(MoneyWatch) In an ironic juxtaposition, the fourth anniversary of the March 9, 2009 stock market plunge arrives on the heels of an unprecedented stock market high. Not long after that historic plunge, while the pain and anxiety was still at a fever pitch, I penned a piece for Money Magazine called a Bear to Remember. Though it seems inconceivable that any investor who watched their portfolio shrink like an ice cube on a summer sidewalk could forget what it felt like. Yet here we are with stocks at an all-time high, and it's only since January that investors have begun making net inflows into stock funds. So, once again, I'm going to try to evoke some memories of that painful bear in the hopes that maybe I'll be successful in scaring you straight.
Four years ago, stocks were down more than 55 percent as the whole financial sector was in meltdown.
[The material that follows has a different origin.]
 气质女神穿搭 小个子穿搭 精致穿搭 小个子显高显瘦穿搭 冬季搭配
The government was making emergency loans to too-big-to-fail banks and insurance companies to save the system from collapse. Financial giants like Lehman Brothers and Merrill Lynch needed to be acquired. GM was on the verge of bankruptcy and the great depression ahead seemed like a sure thing. "Cash is king" was the phrase of choice as so many investors bought the new, and absolutely silly, paradigm that "capitalism was dead."
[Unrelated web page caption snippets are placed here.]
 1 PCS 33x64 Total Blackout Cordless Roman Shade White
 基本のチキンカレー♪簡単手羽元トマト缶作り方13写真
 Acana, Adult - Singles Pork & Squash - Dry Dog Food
I'd be lying if I said I wasn't feeling intense pain. The hardest thing I ever had to do was to take my own advice in this video filmed two business days before March 9, 2009. Buying more equities at that time was like being punched in the gut three times and then asking for three more. I know I gladly would have taken those punches to get my losses back.
In the "Bear to Remember" article, my goal was to help investors capture the pain and use it as a teachable moment. No good bear should go wasted. I wanted readers to write down or record a video talking about their feelings and what they would do the next time stocks recovered.
Fear can be a motivator and a good teacher. While I don't know whether stocks will have a 50% plunge or surge, I do know that most investors aren't nearly as afraid as they should be. Running away from stock funds from 2008 to 2012, and only now returning after hitting new highs, illustrates how little investors channel that fear effectively.
So pull out your investment statements between September 2008 and March 2009. Look at how much you lost and try to remember your pain and what it compelled you to do. Did you make any trades? If you sold some of your equities back then and increased your cash, what makes you think you will do anything different next time?
Write down a simple asset allocation policy. "For the next 10 years I will not let my portfolio vary by more than five percentage points from this allocation: Stocks ____%, Bonds ____%, Cash ____%." Then before finalizing, ask yourself whether you would stick with it if the headlines read "Stocks down 70% as economic collapse imminent." Would you have the courage to stick to the plan? Don't kid yourself. It's better to have a conservative policy that you follow than an aggressive policy you won't.
Remember two things. First, the herd is always brave when markets reach new highs. Second, the herd always gets slaughtered.